[Stored dataset items]
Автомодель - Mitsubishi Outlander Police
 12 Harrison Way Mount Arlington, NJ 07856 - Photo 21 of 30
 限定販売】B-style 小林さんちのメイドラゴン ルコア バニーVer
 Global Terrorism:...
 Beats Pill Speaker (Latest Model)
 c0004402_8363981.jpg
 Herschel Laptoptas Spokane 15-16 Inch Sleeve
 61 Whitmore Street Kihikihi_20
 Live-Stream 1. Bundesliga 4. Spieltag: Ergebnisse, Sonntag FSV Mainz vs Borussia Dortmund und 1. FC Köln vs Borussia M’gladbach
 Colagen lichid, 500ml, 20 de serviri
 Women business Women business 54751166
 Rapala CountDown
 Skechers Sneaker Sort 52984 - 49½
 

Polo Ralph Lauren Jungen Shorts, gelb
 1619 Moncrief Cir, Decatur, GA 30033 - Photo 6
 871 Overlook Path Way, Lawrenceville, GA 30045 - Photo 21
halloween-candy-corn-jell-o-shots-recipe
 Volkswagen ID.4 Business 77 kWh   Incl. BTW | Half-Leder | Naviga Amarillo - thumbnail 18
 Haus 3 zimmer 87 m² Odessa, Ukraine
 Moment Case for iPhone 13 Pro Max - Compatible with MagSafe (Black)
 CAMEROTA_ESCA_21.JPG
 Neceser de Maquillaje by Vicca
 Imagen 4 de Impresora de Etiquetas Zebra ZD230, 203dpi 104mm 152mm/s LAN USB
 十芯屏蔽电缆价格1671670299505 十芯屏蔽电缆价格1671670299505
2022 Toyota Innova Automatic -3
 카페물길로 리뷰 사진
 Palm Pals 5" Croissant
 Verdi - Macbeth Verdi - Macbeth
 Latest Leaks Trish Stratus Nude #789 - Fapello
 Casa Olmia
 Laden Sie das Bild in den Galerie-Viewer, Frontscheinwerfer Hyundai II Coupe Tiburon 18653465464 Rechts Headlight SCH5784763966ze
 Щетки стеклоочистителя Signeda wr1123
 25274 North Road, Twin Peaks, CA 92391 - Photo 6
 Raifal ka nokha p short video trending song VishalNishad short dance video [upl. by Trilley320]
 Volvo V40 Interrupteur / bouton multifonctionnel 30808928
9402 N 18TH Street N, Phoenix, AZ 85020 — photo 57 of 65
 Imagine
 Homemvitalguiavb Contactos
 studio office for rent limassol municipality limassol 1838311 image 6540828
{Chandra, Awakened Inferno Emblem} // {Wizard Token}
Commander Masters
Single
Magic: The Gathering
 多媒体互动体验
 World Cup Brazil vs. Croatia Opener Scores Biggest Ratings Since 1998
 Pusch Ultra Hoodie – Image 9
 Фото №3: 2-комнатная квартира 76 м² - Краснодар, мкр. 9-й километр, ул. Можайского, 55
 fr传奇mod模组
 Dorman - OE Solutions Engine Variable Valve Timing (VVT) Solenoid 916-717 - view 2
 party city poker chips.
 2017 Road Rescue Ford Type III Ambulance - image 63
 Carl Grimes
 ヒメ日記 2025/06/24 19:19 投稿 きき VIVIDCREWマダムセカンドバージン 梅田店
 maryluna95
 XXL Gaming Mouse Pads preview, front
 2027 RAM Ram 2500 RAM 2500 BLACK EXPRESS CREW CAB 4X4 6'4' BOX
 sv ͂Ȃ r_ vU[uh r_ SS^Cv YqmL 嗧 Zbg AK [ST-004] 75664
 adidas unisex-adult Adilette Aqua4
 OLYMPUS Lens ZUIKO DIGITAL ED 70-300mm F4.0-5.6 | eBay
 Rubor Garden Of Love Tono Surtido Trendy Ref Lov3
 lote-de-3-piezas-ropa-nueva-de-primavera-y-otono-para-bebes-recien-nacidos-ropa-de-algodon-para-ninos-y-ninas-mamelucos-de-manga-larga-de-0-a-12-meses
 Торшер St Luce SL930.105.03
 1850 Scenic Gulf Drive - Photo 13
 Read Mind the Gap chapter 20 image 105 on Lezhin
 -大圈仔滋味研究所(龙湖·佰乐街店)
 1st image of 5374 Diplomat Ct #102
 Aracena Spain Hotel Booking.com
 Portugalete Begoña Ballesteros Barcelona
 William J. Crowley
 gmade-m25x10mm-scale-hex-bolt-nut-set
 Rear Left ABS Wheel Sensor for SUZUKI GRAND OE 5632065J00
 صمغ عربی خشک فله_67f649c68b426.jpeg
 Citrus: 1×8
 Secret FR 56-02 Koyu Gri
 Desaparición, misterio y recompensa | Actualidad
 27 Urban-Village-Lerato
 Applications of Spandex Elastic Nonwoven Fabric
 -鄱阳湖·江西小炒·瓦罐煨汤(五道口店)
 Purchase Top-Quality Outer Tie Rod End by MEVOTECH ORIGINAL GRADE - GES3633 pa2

• **Work instructions**: All lines above in which the word "Road" occurs should be identified and copied.

• **Answer**:
 25274 North Road, Twin Peaks, CA 92391 - Photo 6
 2017 Road Rescue Ford Type III Ambulance - image 63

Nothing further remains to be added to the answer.